On one hand he makes a valid point that highlighting a case of one missed diagnosis doesn't definitively prove the point. The Med-mal world is full of MDs who missed PEs too - those things still scare the crap out of me!
On the other hand, the NP lobby uses their own unscientific rhetorical tools to claim they're more compassionate, thorough, etc. So maybe fair is fair and we should continue to highlight every time some midlevel blows a key diagnosis or step in management.
But calling it a "crushed sternum" when there was no traumatic incident and treating a sinus tach with adenosine, I find that hard to believe any 4th year med student would do that.

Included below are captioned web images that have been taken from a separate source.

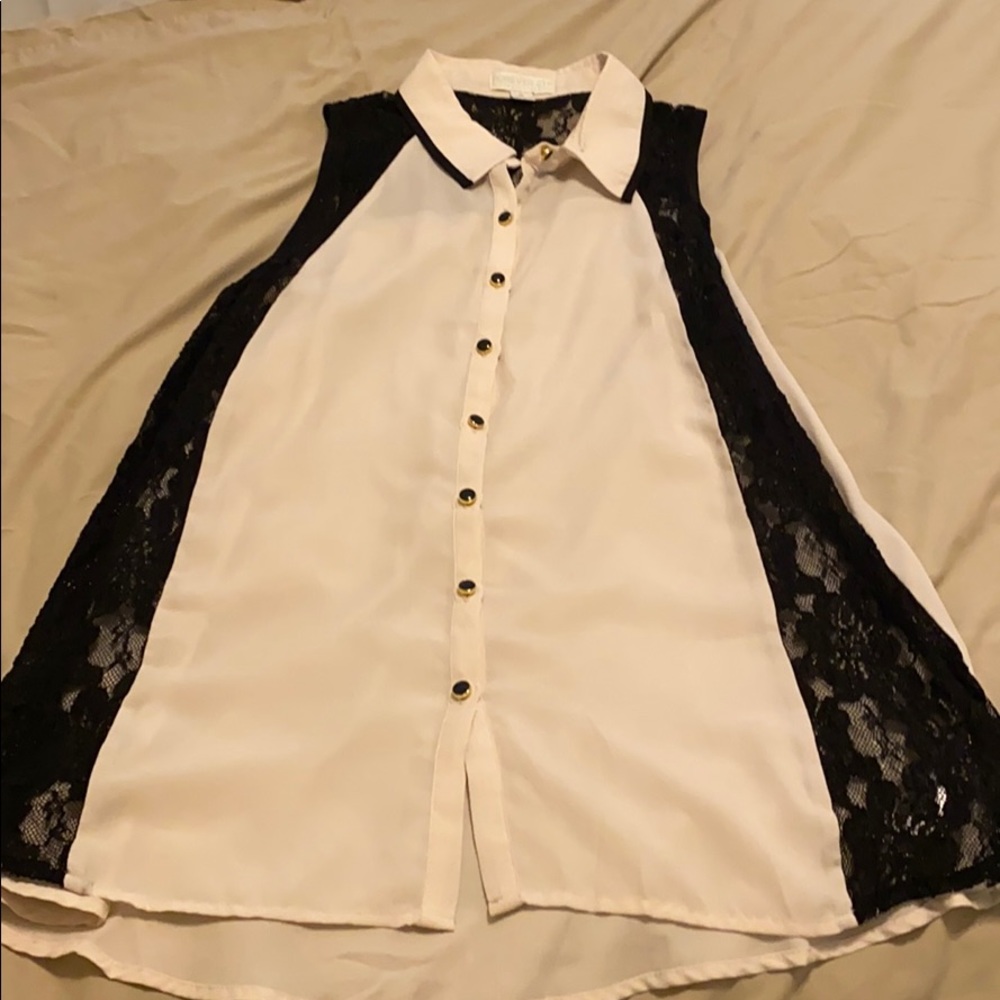 Black and pink sleeveless blouse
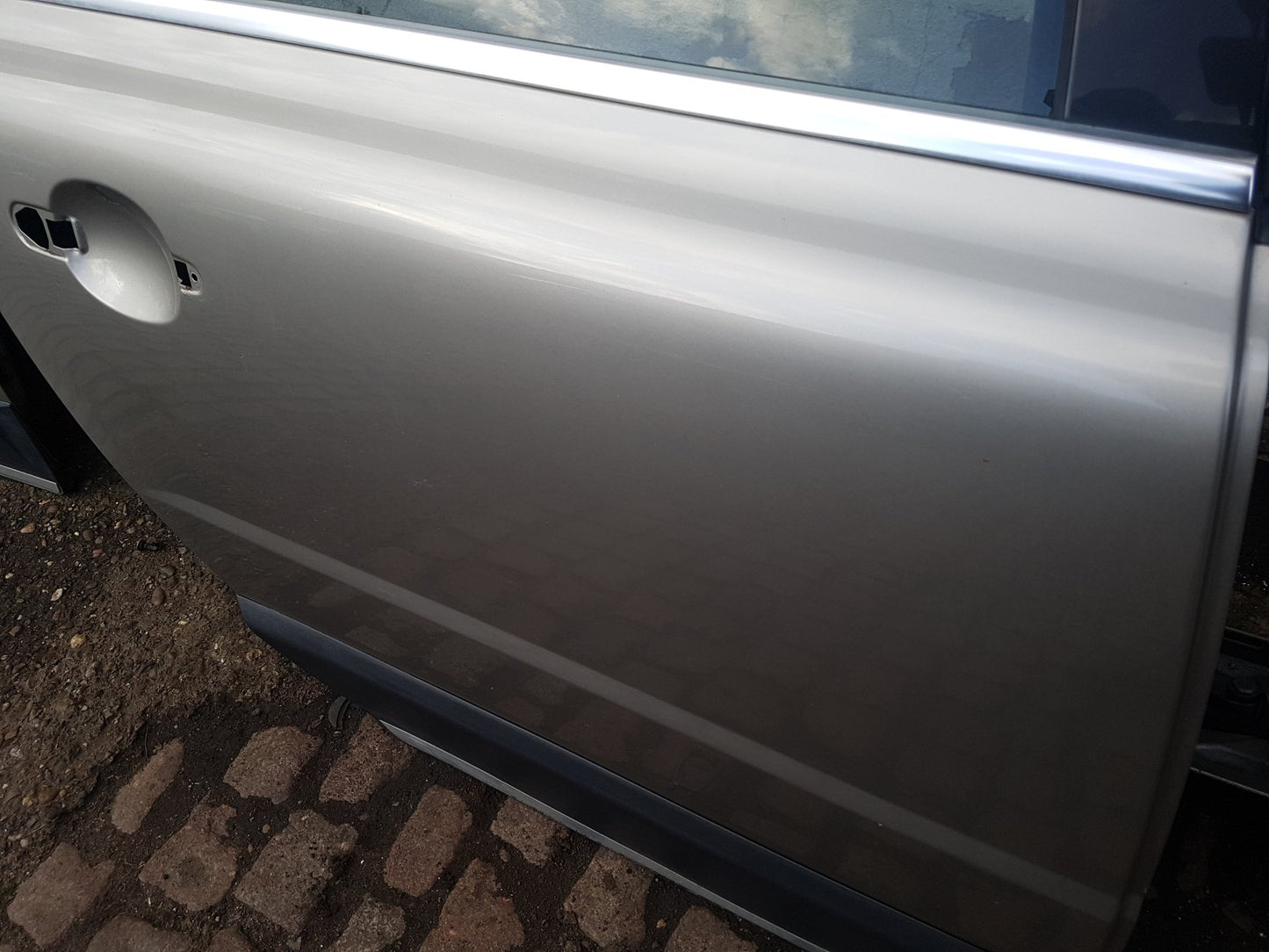 2010 Volvo XC70  Estate DOOR - BARE (REAR DRIVER SIDE)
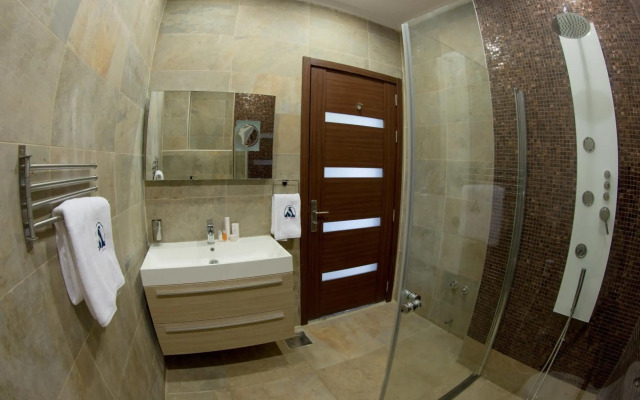 Sara Plaza Apartment Hotel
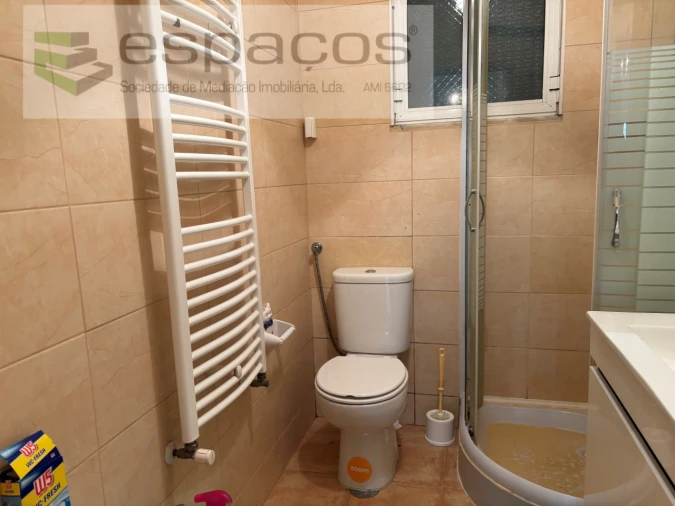 Moradia T4 para Venda em Lavacolhos Foto 31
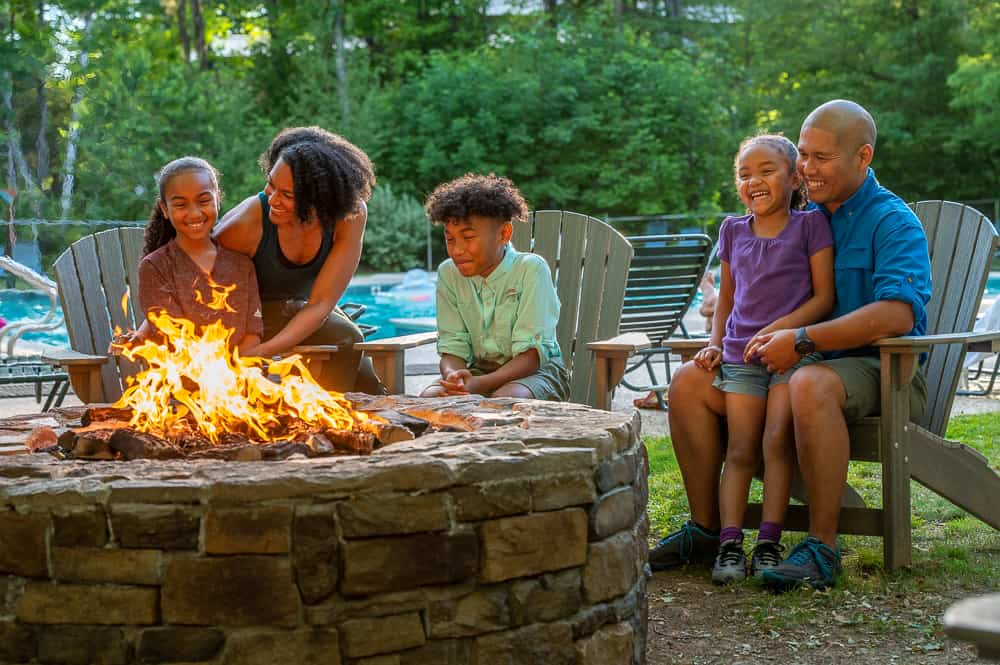 Outdoor Firepit Family Lodging
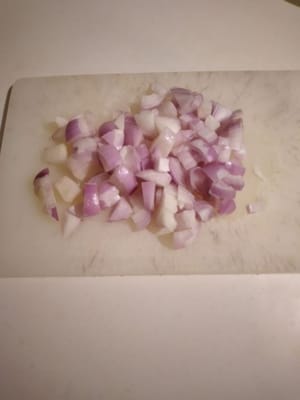 エシャロットまたは大きな玉ねぎ1個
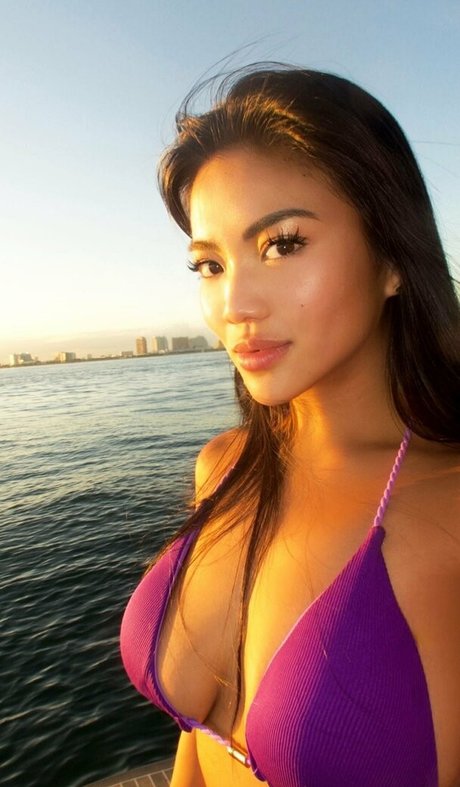 annaslifelux model sexy picture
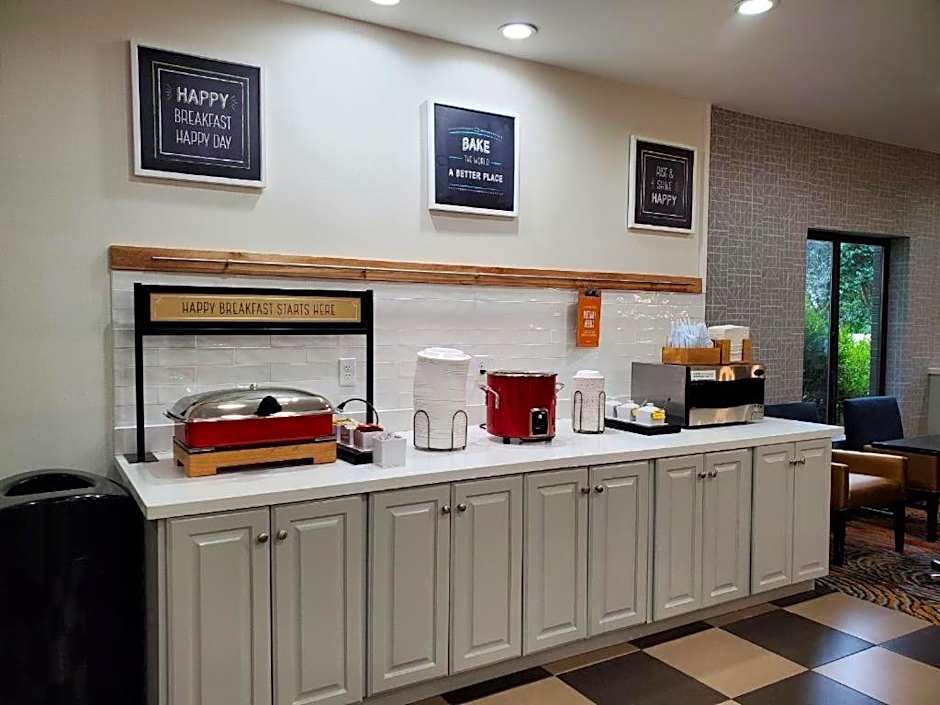 Hampton Inn By Hilton Olathe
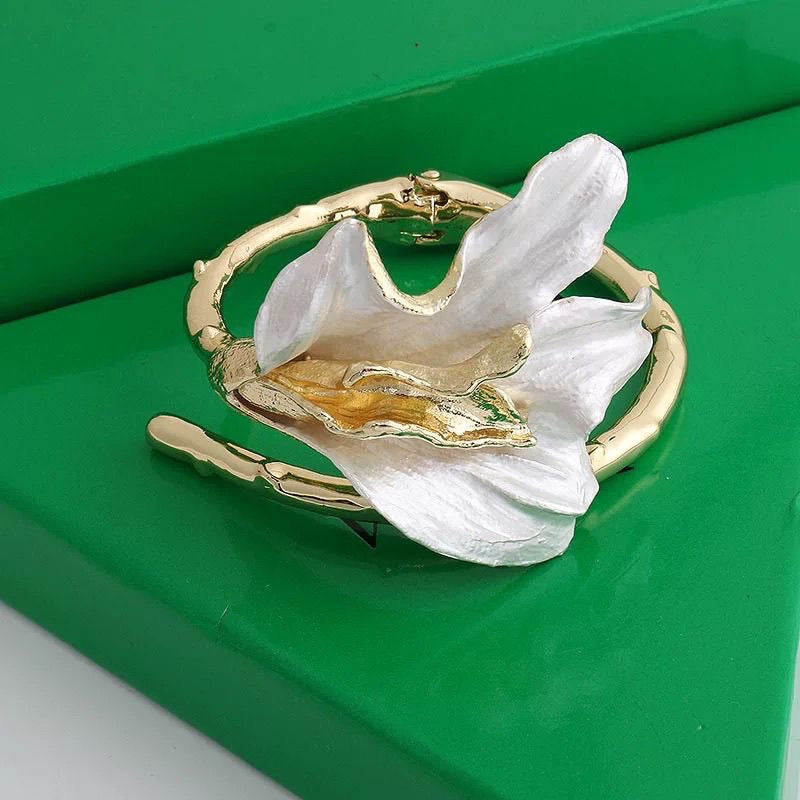 Gold & White Floral Statement Bracelet – Sculpted Petal Design, Adjustable Fit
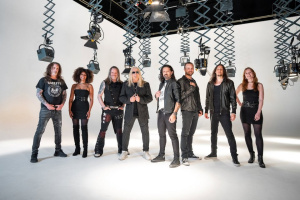 Poslední album SINNER je venku – bum, prásk, pápá!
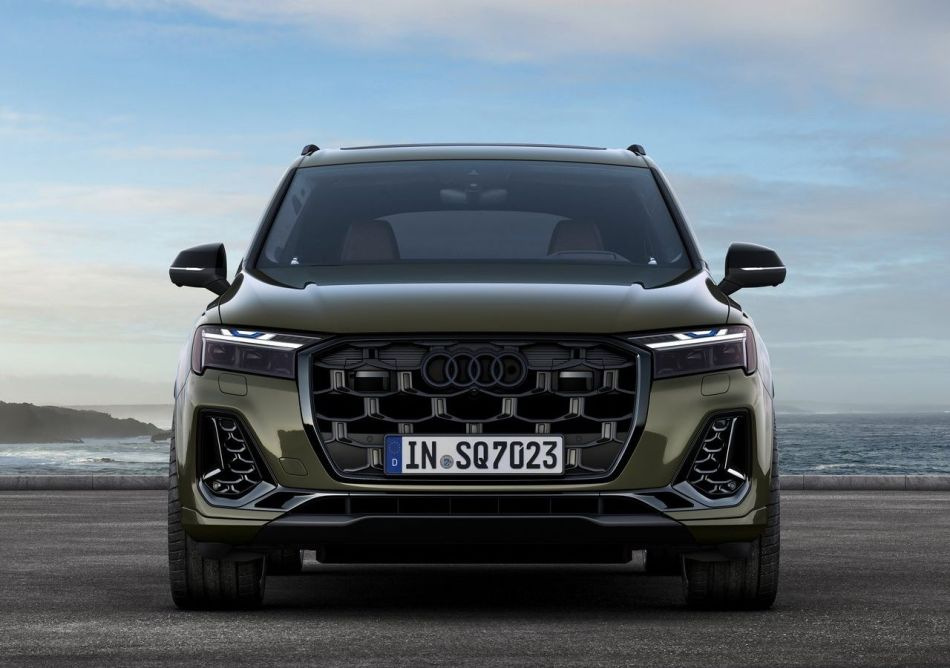 Review of the high-performance 2024 Audi SQ7 facelift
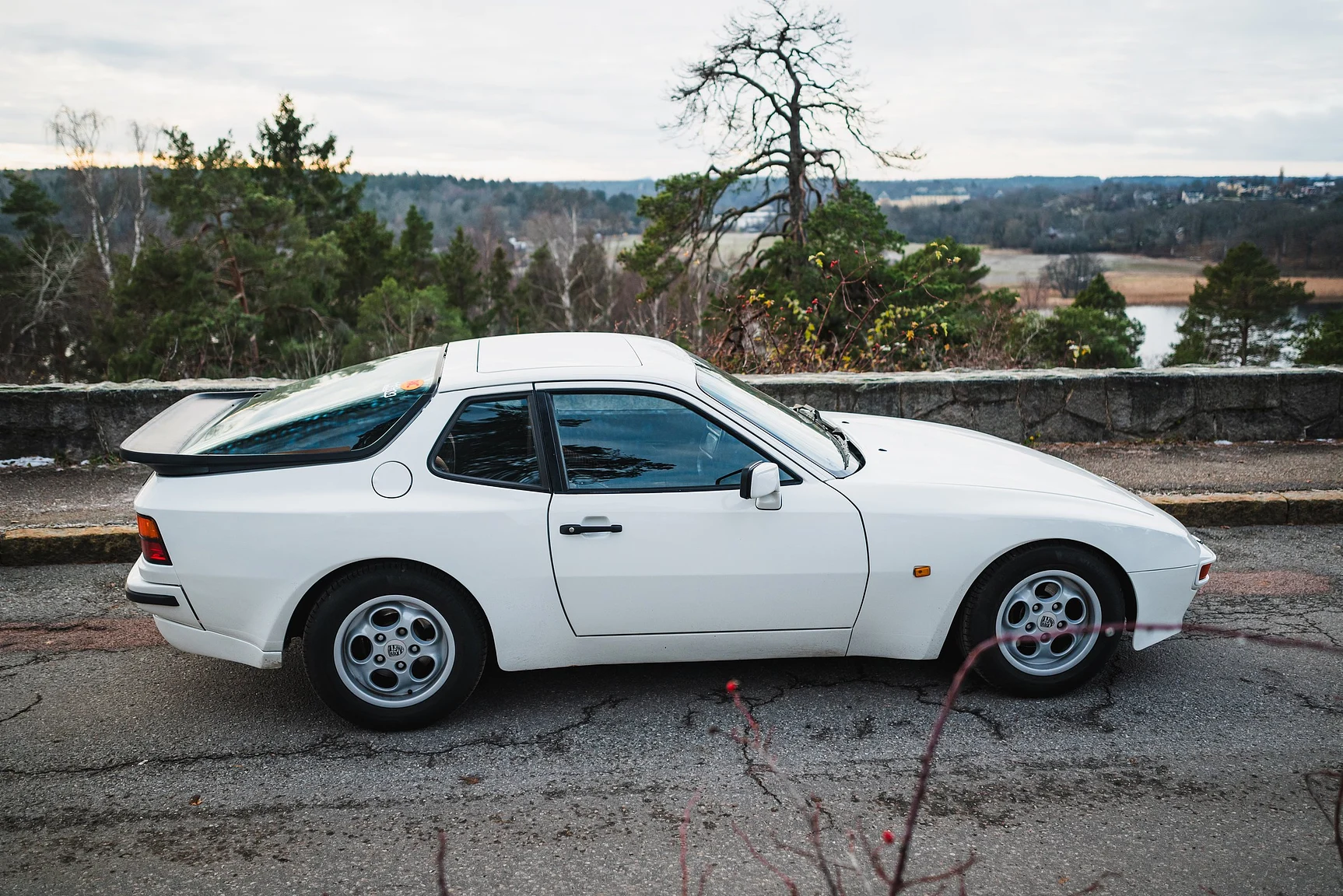 Exterior image of 1986 Porsche 944R (10)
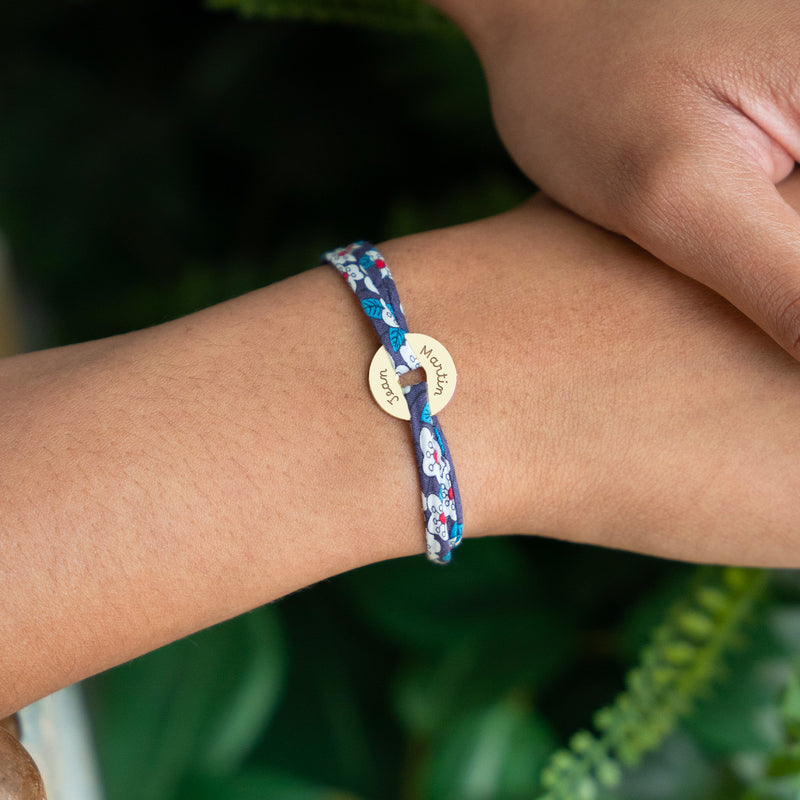 Un bracelet personnalisé en liberty Iris, plaqué or 15mm, dessiné en forme de cible.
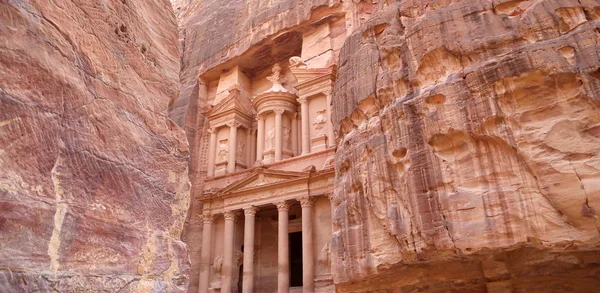 Al khazneh oder die Schatzkammer in Petra, Jordanien - sie ist ein Symbol für Jordanien und zugleich die meistbesuchte Touristenattraktion Jordaniens. Petra ist seit 1985 Unesco-Weltkulturerbe — Stockfoto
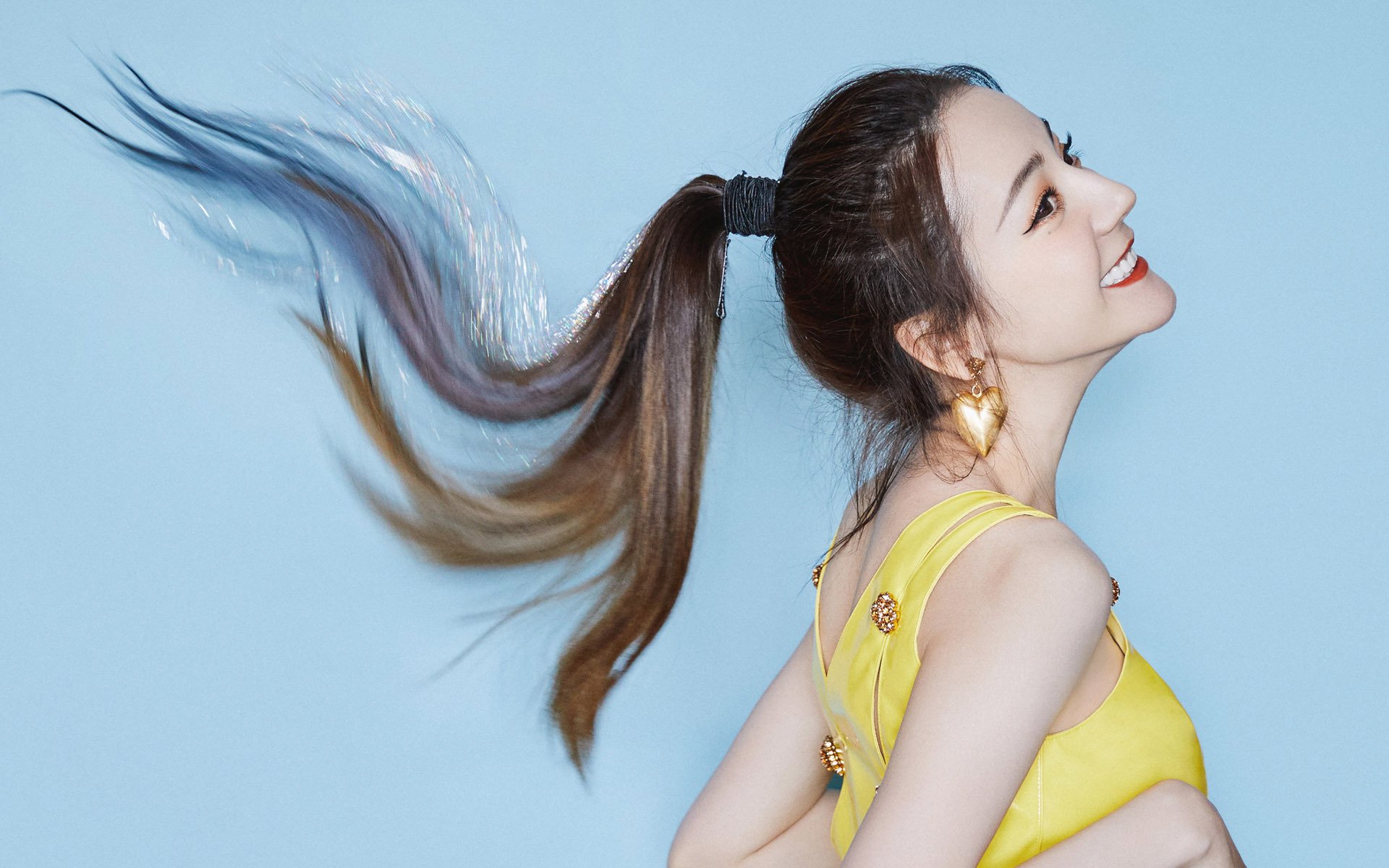 平行时空的制胜法则，当开拓者撕裂钢铁长城，西亚卡姆在绿茵场雕刻篮球基因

Here is the summary of the case! Credit to a Reddit member.
NP graduates from a family nurse practitioner program in December, testifies that all but 2 weeks of it were done online. In January, gets hired to do SOLO 24-hour shifts in an ED as her very first NP job. No on-site supervision or backup. Testifies as part of the deposition that she had never performed acute care. Had no experience as an NP in an ED. Was being paid 70 an hour (likely why they had NPs instead of MDs - can't attract a doctor to that setting). In August, was reprimanded for not getting notes done on time and needing to improve the content and style of her presentations to MDs. On September 1, they notified her she was being terminated, but could finish out her shifts for the rest of the month. This case actually occurs about two weeks after she received a termination notice. Of note, this was a 24-hour shift where she was scheduled to work until 10pm the night before at another hospital...
19 year old on OCPs came in tachycardic, hypoxic, hypotensive with systolics in the low 80s, complaining of chest pain, shortness of breath, and had passed out at home. Even the EMS documentation said they were concerned for a PE. Patient gets put on oxygen.
The NP gets a urine drug screen that's presumptive positive for methamphetamines but negative for amphetamines. That means it's a negative test - meth is metabolized into amphetamines, so you can't be truly positive for meth but negative for amphetamines. Patient, her boyfriend, and patient's mom all deny meth use. NP reruns the test and it comes back negative. Later, a blood test is also negative, but whatever.
The NP had ordered a CT (not CTA) but cancelled it once the UDS came back. And in the deposition, she actually said she ordered a CT head because of the syncope. I mean... what??
Patient eventually develops what the NP interpreted as PSVT, but what apparently was actually just appropriate sinus tachycardia. She gets adenosine. Terrible idea in someone with a PE.
She calls to admit the patient, and an NP takes that call. It seems like the second NP pointed out the abnormal vitals. After this, the NP in the ED orders a CT and a d-dimer at the same time. Not a CTA. The NP looks at the CT, interprets it as being "a crushed sternum" (???) and calls to transfer the patient. Prior to the receiving physician from the other hospital calling her back, the radiologist calls and tells her about the PEs. When the receiving physician calls back, the NP testified she told the receiving physician that the radiologist notified her about the PE.
But the only anticoagulation she ordered for the patient was prophylactic-dose Lovenox. With a total ED length of stay of 11 hours. Despite hemodynamic instability.
She ultimately did get transferred and had to get tPA, and died within two hours of landing at the receiving hospital.
ABIM Chair 100% should have done his due diligence and read up on the case before defending this as being something that just as easily could have been done by a physician. This is not a "I delivered excellent care but made a single mistake in interpreting a CT scan," as the headline implies. Because I can't really blame any hospital who hires an EM doc who screws up this bad -- this is beyond the pale for what one would expect from an EM doc. But a hospital who hires a new grad family practice NP to do UNSUPERVISED 24 HOUR SHIFTS WITHOUT ANY PRIOR ED EXPERIENCE? That hospital should know better. I wish this staffing model wasn't the reality... but it is.